Le surréalisme au bout du boulevard
Le boulevard de Bonne-Nouvelle renoue avec une « promesse de révolte stratégique qui a toujours été implicite dans son nom » quand, à l’occasion de la campagne internationale de solidarité avec Sacco et Vanzetti, quatre-vingt mille manifestants débordent la police le 23 août 1927. Cruel coup du sort, André Breton, qui assure, dans Nadja, qu’on ne peut « passer plus de trois jours sans [le] voir aller et venir, vers la fin de l’après-midi, boulevard Bonne-Nouvelle entre l’imprimerie du Matin et le boulevard de Strasbourg », en était absent, et le regrette fort, « lors des magnifiques journées de pillage dites “Sacco-Vanzetti” ». Anarchistes et communistes y ont convergé, et Walter Benjamin se demande comment lier révolte et révolution, comment « imaginer une existence axée toute entière sur le boulevard Bonne-Nouvelle dans des espaces de Le Corbusier et de Oud[2] ? ».

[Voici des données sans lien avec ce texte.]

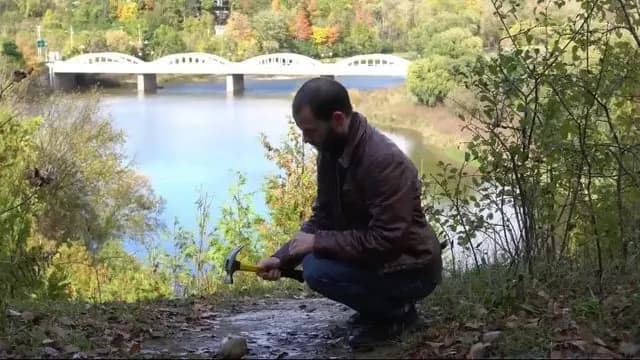 Making a CPU from a rock.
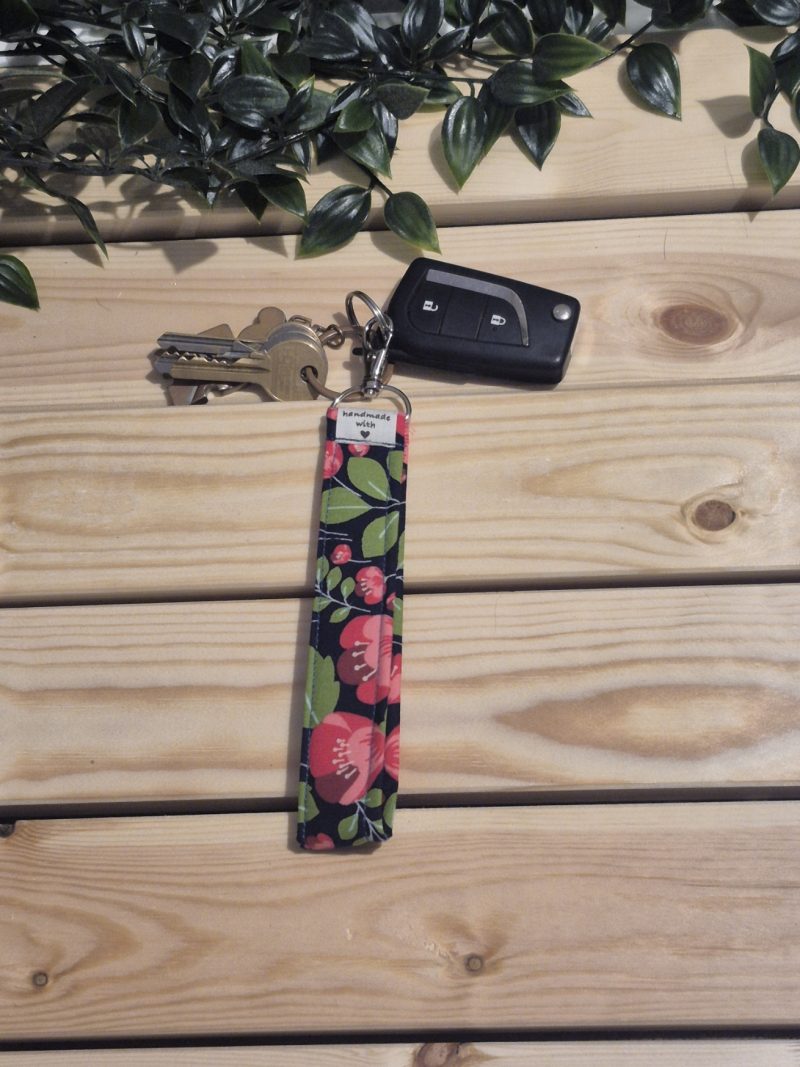 Padded Key Fob Wristlet | 4 Designs available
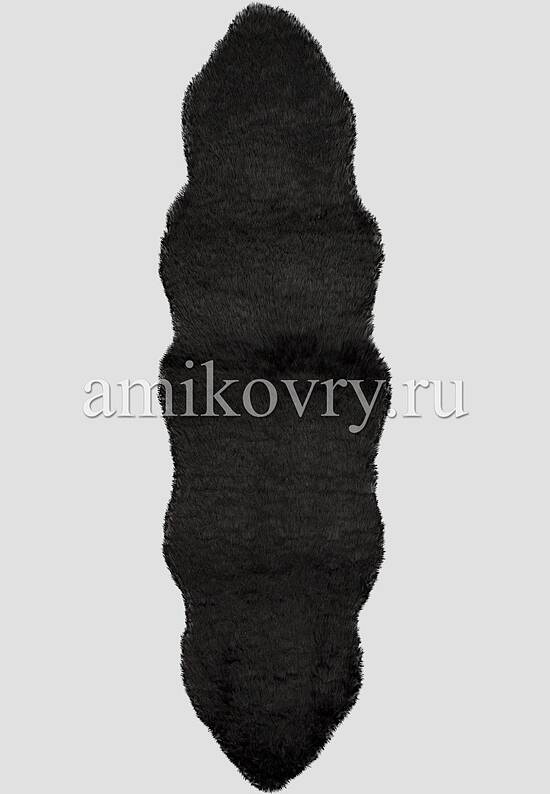 Искусственная овчина black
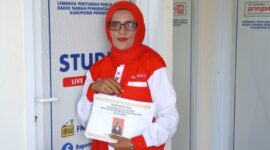 Peringati HPN 2026, Ketua LBH Cahaya Keadilan Pringsewu Apresiasi Peran Insan Pers (Foto: Prioritas tv.com/Dok Nurul Hidayah)
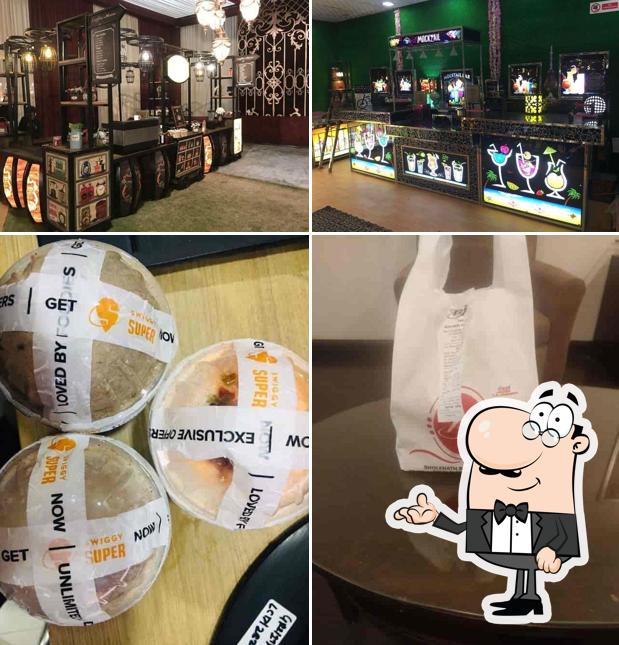 The interior of Bholeynath Juice & Shake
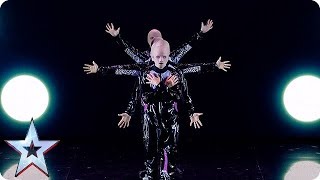 baba yega jet in from outer space to the bgt semis semi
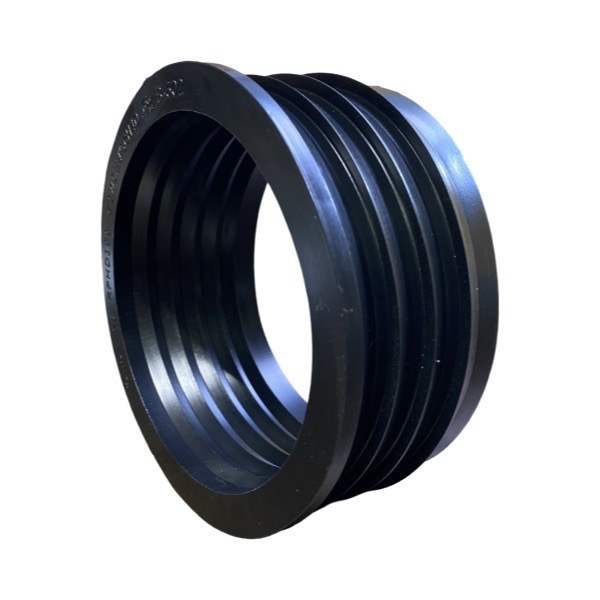 4" x 4" Donut SV Hub x SC40 DWV/STL 2536000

L'église de Bonne-Nouvelle vue du boulevard. Martial. 1877. Gallica
Le Rex, la salle hollywoodienne de plus de trois mille places ouverte à la fin de 1932, est Soldatenkino, c’est-à-dire réservé aux troupes d’occupation, durant la Seconde Guerre mondiale. Il est, de ce fait, la cible d’une attaque de la Résistance qui a un fort retentissement. À la Libération, Le Populaire, journal du Parti socialiste, s’installe presque en face, au 6, boulevard Poissonnière. L’Humanité est à côté, au n° 8.
Le 4 janvier 1948, passe là un char bariolé de slogans en défense du cinéma français, derrière lequel marchent Pierre Blanchard, Jean Marais et Madeleine Sologne, Simone Signoret, Roger Pigaut et Claire Mafféi, qui viennent d’être Antoine et Antoinette, l’ouvrier typographe et la vendeuse d’Uniprix dans le film de Jacques Becker, qui défile à leurs côtés avec toute la profession, de la Madeleine à la République, sur le Boulevard des frères Lumière. Les accords Blum-Byrnes du printemps 1946, conclus avec les libérateurs, ont imposé, en échange de la remise de dettes de guerre, une diffusion massive de films américains.
C’est dans le hall de l’Humanité que sont exposés, au jour des funérailles, les corps des personnalités du monde communiste. En 1967, à l’enterrement de Georges Sadoul, ancien du groupe surréaliste, Aragon y prononce un discours nostalgique, « où se lisait, juge Pierre Daix, une interrogation sur le chemin qu’ils avaient pris ensemble, comme aussi leur regret commun de n’avoir pas su retrouver Breton » sur ce boulevard où, si près, passage de l’Opéra, tout avait commencé près de cinquante ans plus tôt.


[1] Situé rue Le Peletier de 1820 à 1873, accessible aussi par le passage de l’Opéra au 12, boulevard des Italiens.
[2] Architecte, avec Theo Van Doesburg, du mouvement De Stijl.